Tuesday, May 17, 2011

Laparoscopic Adrenalectomy

I love these cases. A patient was sent to me with an adrenal mass that had been increasing in size over the past 2 years. You can see it in the above image (hint: look above the right kidney). Adrenal masses over 6 cm (or even 5 cm in women) have a high likelihood of being malignant. But before you get them on the OR table you have to do some boring doctor-work first. Specifically, you have to make sure you aren't dealing with a functional adrenal adenoma. That means sending off a barage of blood/urine tests to rule out aldosteronoma, pheochromocytoma, or a cortisol-producing tumor.

The big one to worry about is a pheochromocytoma. Pheos produce catecholamines (adrenaline) and indentification of one prior to surgery is crucial. At least two weeks of pre-operative alpha blockade (a specific anti-hypertensive agent) is required to protect the patient from the surge of adrenalin release that can occur during the operative manipulation of the tumor, and also the sudden drop in systemic catecholamine levels once the tumor is removed.
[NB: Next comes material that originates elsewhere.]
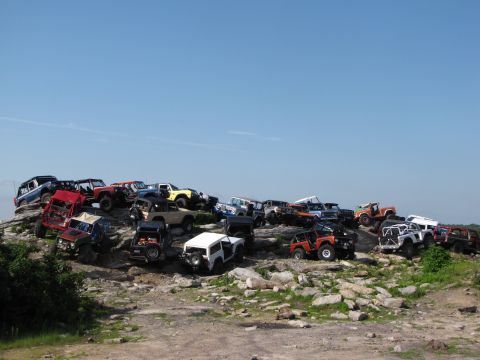 1979 Ford Bronco - A large group of off-road vehicles are gathered on a rocky incline on a sunny day.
This particular tumor ended up being a benign adenoma. The case hinges on identifying and controlling the adrenal vein. The little bastard is about two centimeters long and it enters directly into the cava. If it tears you end up with torrential bleeding. Which sucks. Until you get clips on the vein, snip it, and watch the bulging blue vena cava gently roll away from the gland it's a very high tension environment. I keep the music down and, believe it or not, I can get a little snippy and high maintenance. Sliding my Maryland dissector under the vein, then slowly spreading to break up the adventia, watching it flatten and whiten and elongate, stretching out away from Big Blue, nearing its maximal tensile strength.... shit, I'm getting beads of forehead sweat just thinking about it. But once it's controlled, it's time to blast the Playing in the Band and have a good time. All that's left is to hack the gland out of the retroperitoneal fat with my harmonic scalpel. For Academic Endocrine Surgeons, the hacking out part is probably a bothersome distraction, best left to the fourth year resident who, heretofore, had been assigned to camera-holding duty. But I like it.


Bongi said...

friend recently did massive pheo. i asked him if when he spoke to the patient in icu the next day, did the patient say.

"pheo not! it is but i!"

Bianca Castafiore? said...

please don't get irritated at me. seeing that i'm not quite in the medical field, the thing that caught my fancy was the "harmonic scalpel" and i started pricing the suckers! who knew? you can get a USED Ethicon G300 ESU for a mere $8500. Or an Ultracision for $1250, again, USED. Ethicon G100s go for between $1100 and $3300. In the mood for a NEW surgical instrument? The disposables go for $185. Dare I ask what you used? (Thanks for putting up with this silliness)

Anonymous said...

It looks like an adenoma on the CT, and it looks smaller than 6 cm. Why did you take it out?

If its density on unenhanced imaging didn't totally let you declare it to be a benign adenoma (i.e., if it were lipid-poor), why not go on to a washout study to characterize its enhancement pattern or do in- and out-of-phase MR imaging to look for microscopic fat?

If something is totally characteristic on imaging of something benign like an adenoma or myelolipoma, would the size criteria still apply?

-Dr. Anon

Jeffrey Parks MD FACS said...

The threshold for operating on an adrenal mass varies, depending on what you read in the literature. The 6cm number is more useful as predictor of malignancy, but the consensus in the surgical literature is that masses 4-6 cm ought to be considered for surgical extirpation. In this case, the mass had increased in size 1cm over a 12 month period. With a rapidly growing adrenal mass, are you comfortable watching it, based solely on out of phase MRI findings? The patient's desires play a role as well, as you know.